Originally Posted by Beriac
If you mean someone who doesn't do the math but tries to use discipline based on experience, I could see that player doing reasonably well too.
I agree. You can still do the right thing without knowing exactly why. I mean, there are all sorts of "tips" that are based on odds and equity, but don't actually reference them. Like "small pocket pairs are okay to play before the flop if you can see the flop for less than 10% of your stack" is of course based on the idea of likelyhood of hitting a set, vs. the large implied odds that you have if you succeed. You don't have to know the odds of hitting a set to "learn" how to play small pocket pairs.
"Suited connectors play better in multiway pots" is another one of them. I'm sure I've read somewhere that you should avoid chasing flushes in heads-up pots as well. It all boils down to the same thing: Using "standard plays" as a crutch that allows you to not actually care about the odds, but mostly make the right plays anyway.

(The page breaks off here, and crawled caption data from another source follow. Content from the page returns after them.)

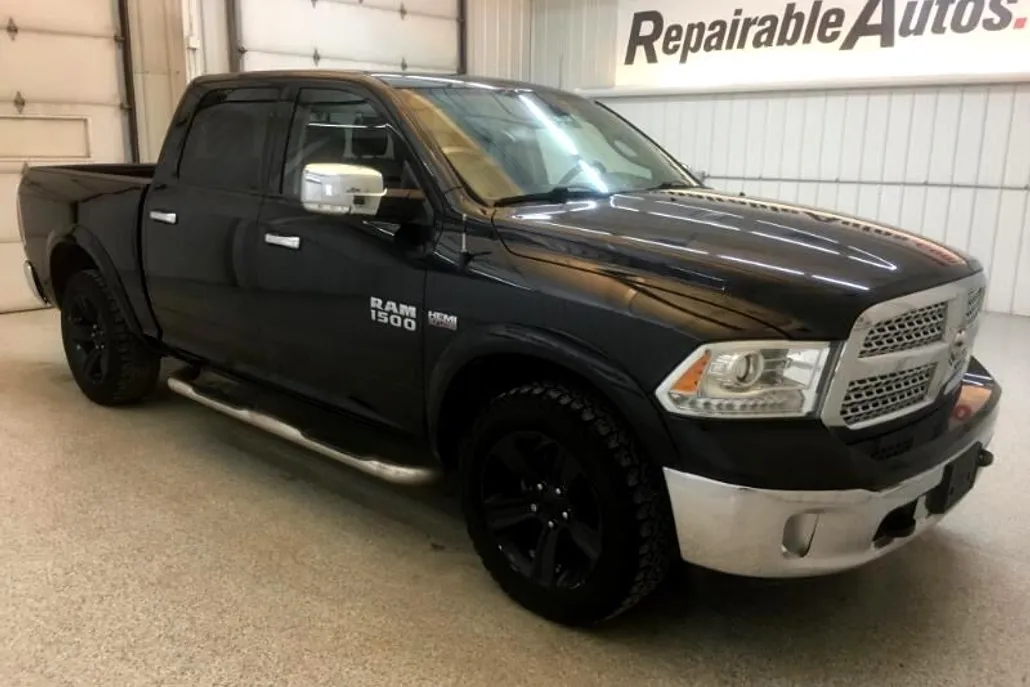 2016 Ram 1500 Laramie photo 1
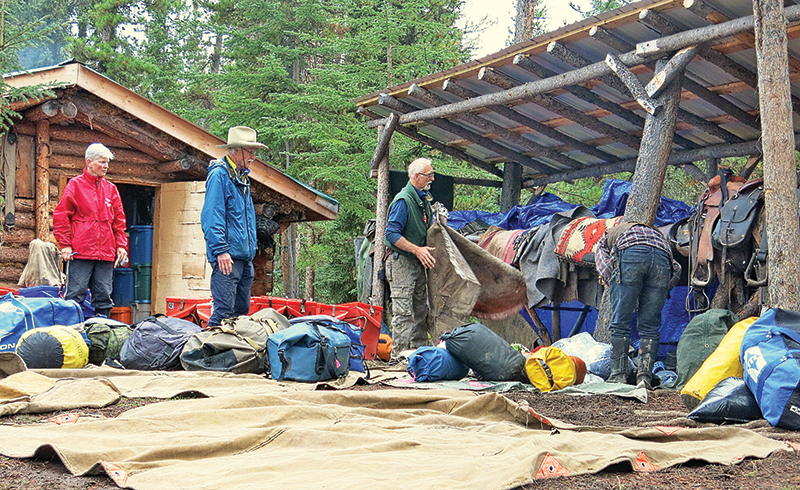 horse riding vacations in bc, holidays on horseback, muskwa-kechika horse rides, tania millen, wayne sawchuk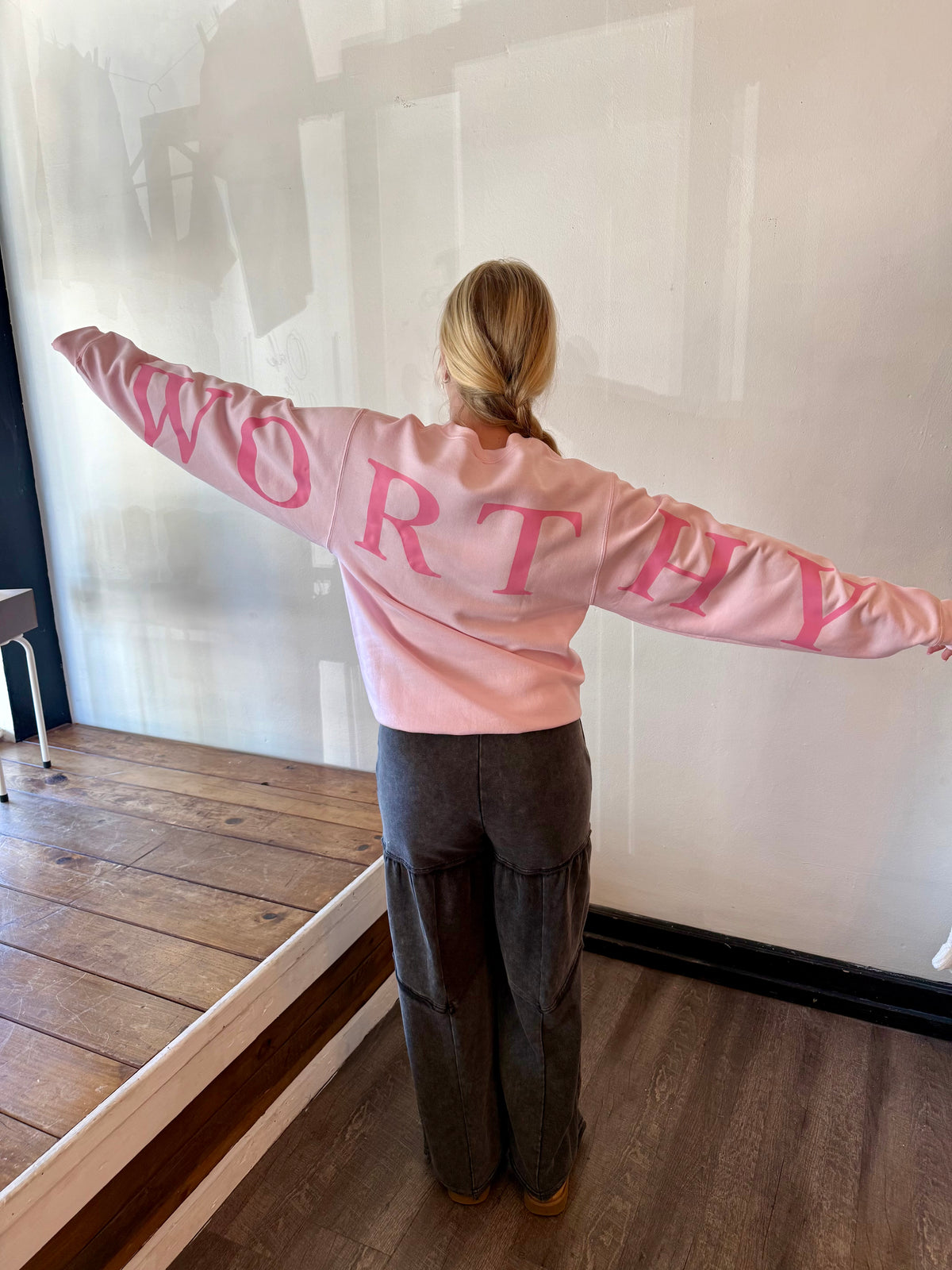 WORTHY LIGHT PINK SWEATSHIRT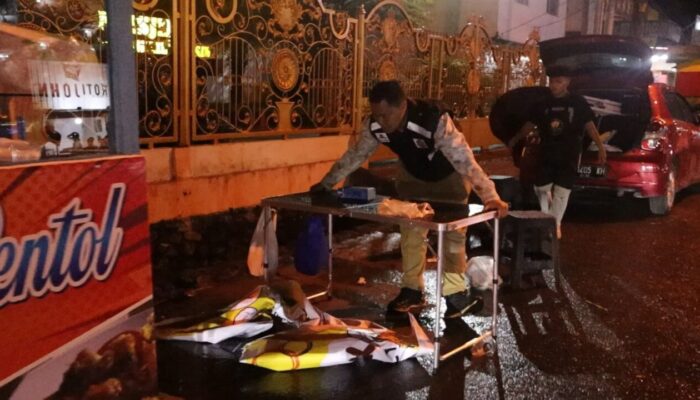 Satpol PP Padang Tertibkan PKL di Sutomo hingga Khatib Sulaiman, Amankan Fasilitas Umum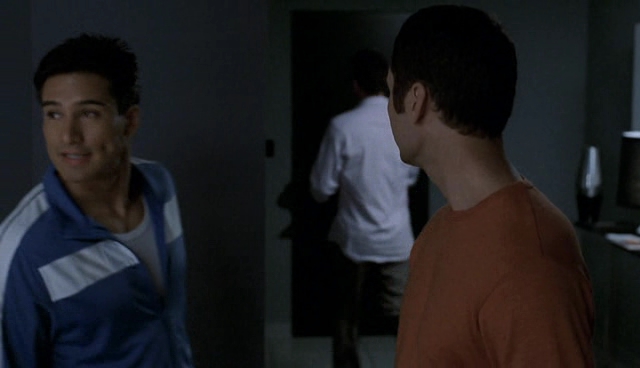 Charmed-Online-dot-NL-NipTuck4x12-1311.jpg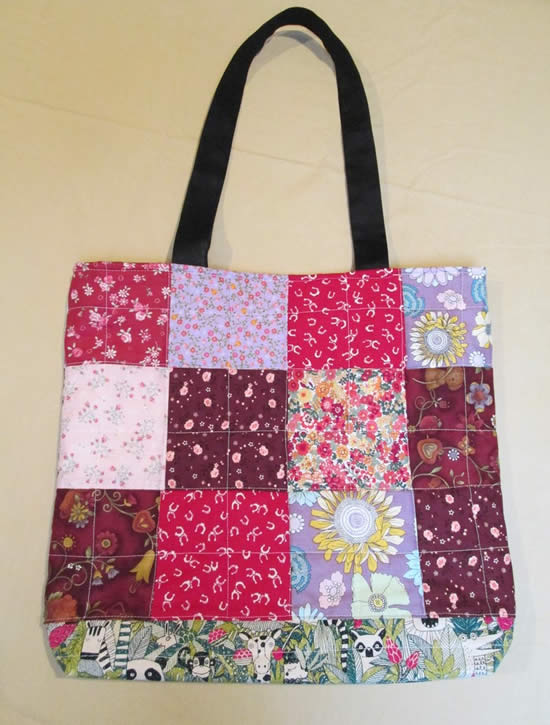 Linda bolsa de tecido feita com patchwork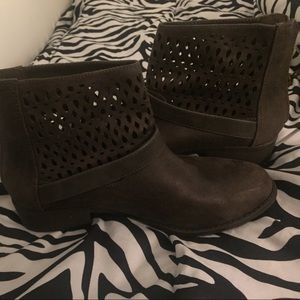 Brown ankle boots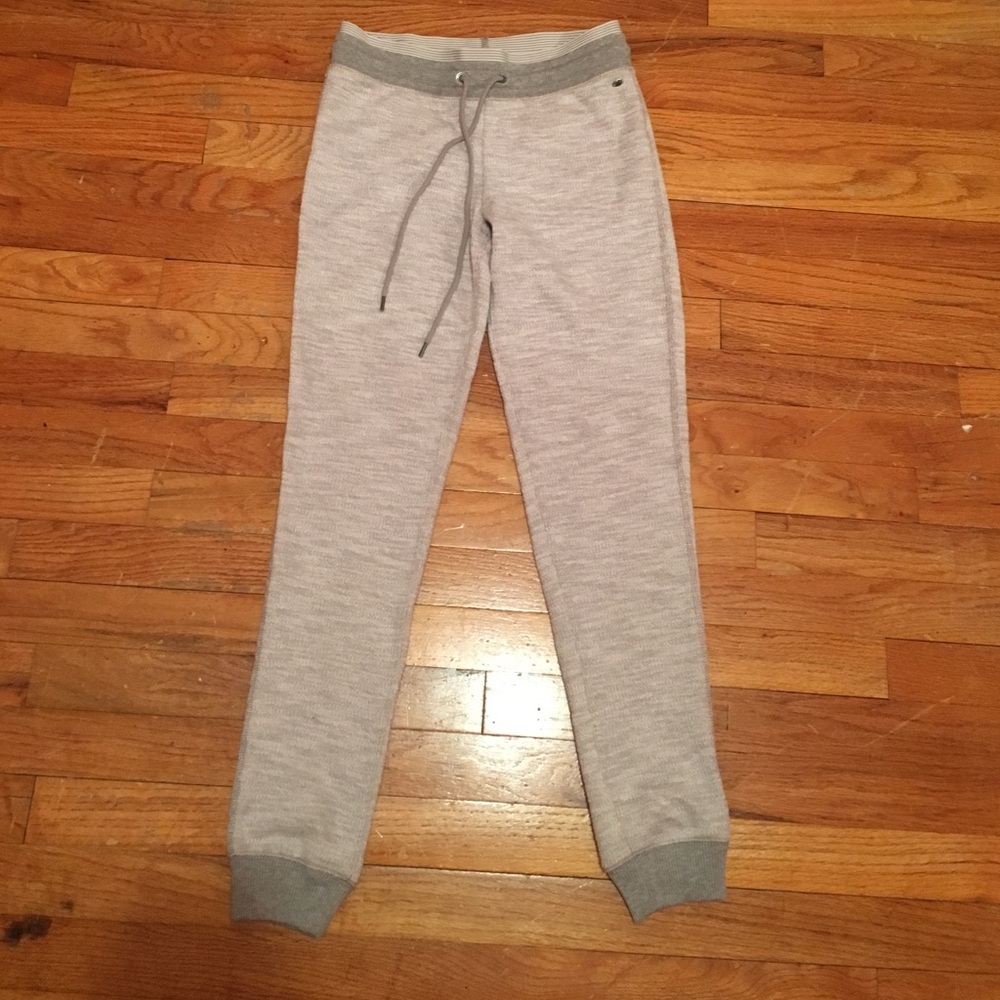 Light Grey American Eagle Joggers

Edit: I chose "mediocre." You can still be a winning player at lower limits without knowing much about odds, but playing according to pieces of wisdom like the ones I quoted above. As soon as your competition becomes tougher, however, you need to be able to extract value out of situations where the line is not as clearly drawn, and then you need to be able to look at your hand, your opponent's probable hand, the size of the pot and the odds that you're getting, and make a play based on that information.